■ PROMPT:
Repeat the listing below exactly. Pictures do not belong in the copy.

■ INFORMATION SUPPLIED:
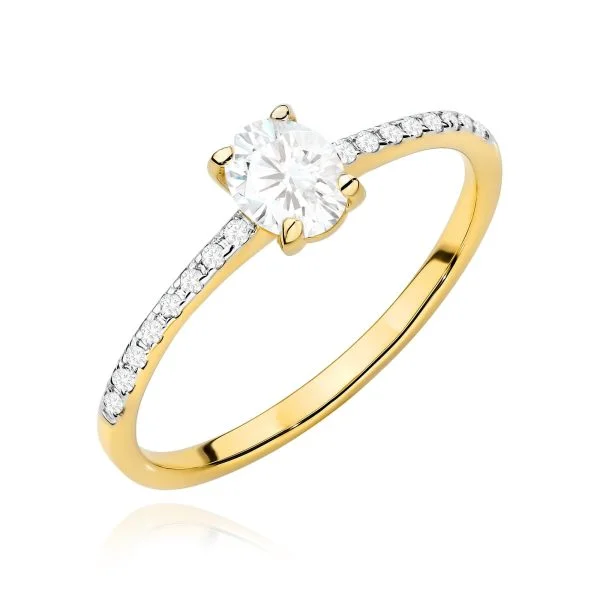 Modernus sužadėtuvių žiedas su lab deimantais ovalo formos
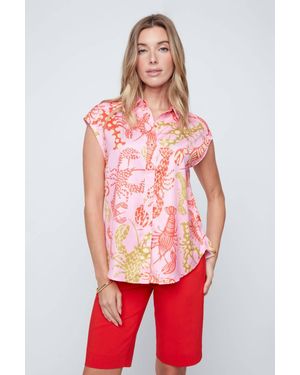 Renuar Printed Button Front Top - Red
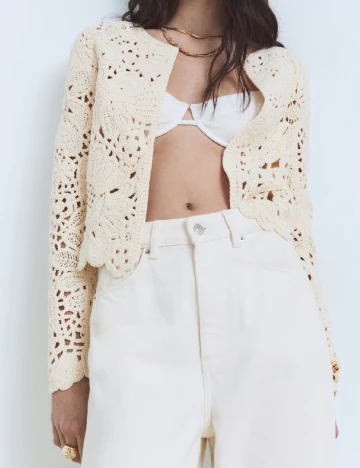 Cardigan Mango, crem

■ RESULT OF THE EXERCISE:
 Modernus sužadėtuvių žiedas su lab deimantais ovalo formos
 Renuar Printed Button Front Top - Red
 Cardigan Mango, crem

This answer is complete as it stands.